YOUR INSTRUCTIONS. All that should come back is the lines of the data below from the one containing "Thumbnail: 2026 Genesis GV80 - 20" to the one containing "Das 1. Bataillon, 9.", inclusive, exactly as they stand.

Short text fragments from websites

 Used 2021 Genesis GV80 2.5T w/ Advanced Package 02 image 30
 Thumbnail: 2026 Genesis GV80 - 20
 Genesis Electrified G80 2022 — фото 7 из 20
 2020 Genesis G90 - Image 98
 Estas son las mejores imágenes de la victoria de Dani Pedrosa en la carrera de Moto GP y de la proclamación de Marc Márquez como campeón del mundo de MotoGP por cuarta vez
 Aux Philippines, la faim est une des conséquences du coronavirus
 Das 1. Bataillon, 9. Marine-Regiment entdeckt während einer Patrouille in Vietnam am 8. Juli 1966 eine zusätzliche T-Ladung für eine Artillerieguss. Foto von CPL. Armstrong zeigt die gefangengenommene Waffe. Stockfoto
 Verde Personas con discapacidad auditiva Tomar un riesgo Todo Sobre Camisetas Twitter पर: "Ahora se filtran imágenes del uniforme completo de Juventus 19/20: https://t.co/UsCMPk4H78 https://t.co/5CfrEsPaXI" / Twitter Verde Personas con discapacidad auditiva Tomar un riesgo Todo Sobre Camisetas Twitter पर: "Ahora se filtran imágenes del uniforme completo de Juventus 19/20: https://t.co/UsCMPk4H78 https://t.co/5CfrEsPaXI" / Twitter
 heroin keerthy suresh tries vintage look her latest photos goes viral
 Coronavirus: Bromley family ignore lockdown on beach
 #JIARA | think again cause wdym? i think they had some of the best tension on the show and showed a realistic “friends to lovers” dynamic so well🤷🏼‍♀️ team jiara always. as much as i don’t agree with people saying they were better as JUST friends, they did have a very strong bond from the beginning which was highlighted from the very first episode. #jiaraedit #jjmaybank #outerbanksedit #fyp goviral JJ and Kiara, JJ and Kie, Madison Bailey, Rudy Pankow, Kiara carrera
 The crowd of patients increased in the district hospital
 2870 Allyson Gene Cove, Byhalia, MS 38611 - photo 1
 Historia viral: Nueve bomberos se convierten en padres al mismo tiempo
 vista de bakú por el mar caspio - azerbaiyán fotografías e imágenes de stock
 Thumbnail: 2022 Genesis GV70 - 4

YOUR RESPONSE.
 Thumbnail: 2026 Genesis GV80 - 20
 Genesis Electrified G80 2022 — фото 7 из 20
 2020 Genesis G90 - Image 98
 Estas son las mejores imágenes de la victoria de Dani Pedrosa en la carrera de Moto GP y de la proclamación de Marc Márquez como campeón del mundo de MotoGP por cuarta vez
 Aux Philippines, la faim est une des conséquences du coronavirus
 Das 1. Bataillon, 9. Marine-Regiment entdeckt während einer Patrouille in Vietnam am 8. Juli 1966 eine zusätzliche T-Ladung für eine Artillerieguss. Foto von CPL. Armstrong zeigt die gefangengenommene Waffe. Stockfoto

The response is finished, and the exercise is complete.